What is Bone Broth
Bone broth is just that: Broth made from bones—beef bones, chicken bones, turkey bones, pork bones—even fish bones. Broth is basically liquid that has meat cooked in it.
Why it’s good for you & the Paleo Connection
The Paleo diet focuses on eating only foods our ancestors ate, basically, the basics. Think meat, fish, vegetables, and fruit. But no dairy, grains or processed foods. This diet’s focus on protein and meat has helped to shine a spotlight on bone marrow (the soft, fatty tissue inside the bone cavity), and all of its health benefits, helping to make “bone broth” a little bit trendy.
Yet, both bone marrow and broth have been used in cooking for centuries and touted for the health benefits they offer. Bone Marrow is rich in nutrients, including ready-to-digest forms of zinc, calcium, iron, and phosphorous (which amongst other things is critical to the formation of healthy bones). Bone marrow also contains collagen and is a great source of omega-3 fatty acids, lipids, and Vitamin A. Combined, the nutrients, amino acids and minerals found in bone marrow are thought to boost immunity, aid in digestion, and support hormone function, amongst other benefits. In short, bone marrow packs a punch on the health front.
How to Make Bone Broth
4 pounds bones— save bones from meat you cook or ask for them at the meat counter. Mix bones with a lot of marrow with bones with some meat on them such as ribs, knuckles, neck bones, oxtails. The more you mix bones, the more flavorful the broth.
12 cups water (different recipes suggest cider vinegar (1 tbsp)—thought to draw out the nutrients from the bones—wine, or other flavor-enhancing liquids)
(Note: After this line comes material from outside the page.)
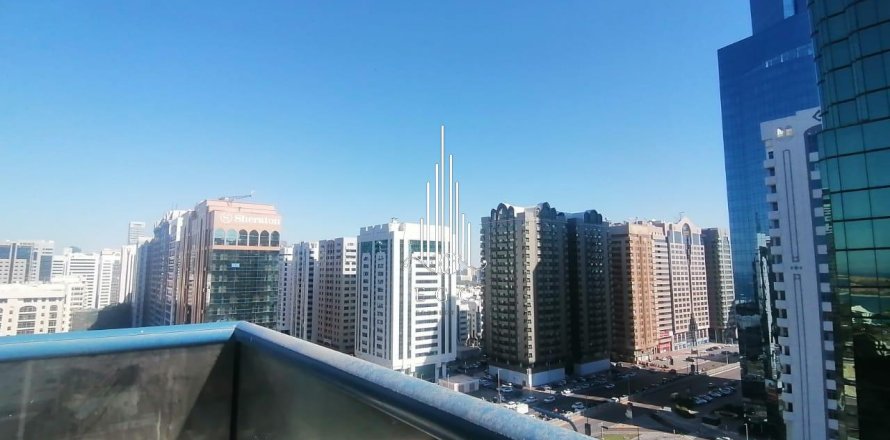 3 غرف نوم شقة في Al Khalidiya, الإمارات العربية المتحدة رقم 49698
Vegetables and herbs to your liking. Try:
1 clove garlic chopped
1 yellow onion chopped in quarters
2 peeled carrots, cut into 1-inch pieces
2 stalks celery cut into 1-2-inch pieces
1 bay leaf
1 teaspoon pepper or 1 tablespoon black peppercorns
1 tsp. thyme
1 tsp. oregano
2 bay leafs
To make your broth, place ingredients in a large pot or slow cooker. Fill pot with water until bones and veggies are covered by a few inches (at least 12 cups). Add cider and herbs. Start simmering (meaning, cook on low heat). Simmer, simmer, and simmer some more, for hours, even days. The longer the broth simmers, the richer the flavor. At a minimum, simmer the bones for at least 12 hours and on average 24-hours is what we shoot for.
The broth is done when it’s rich and flavorful to your liking. Remove from heat and strain the broth. Save any extra meat bits that come off of the bones, to be used in other recipes. Chill the broth. If it becomes jelly-like when it is in the fridge don’t worry, it will become liquid again when you reheat it. As it chills, a layer of fat may form on the top of the broth, this can be easily scraped off. Broth can also be put in the freezer.
Tip: Roast the bones at 450 F and veggies for 20 minutes before placing them into the pot to simmer. Roasting the bones can enhance flavor and bring a darker hue to the overall broth.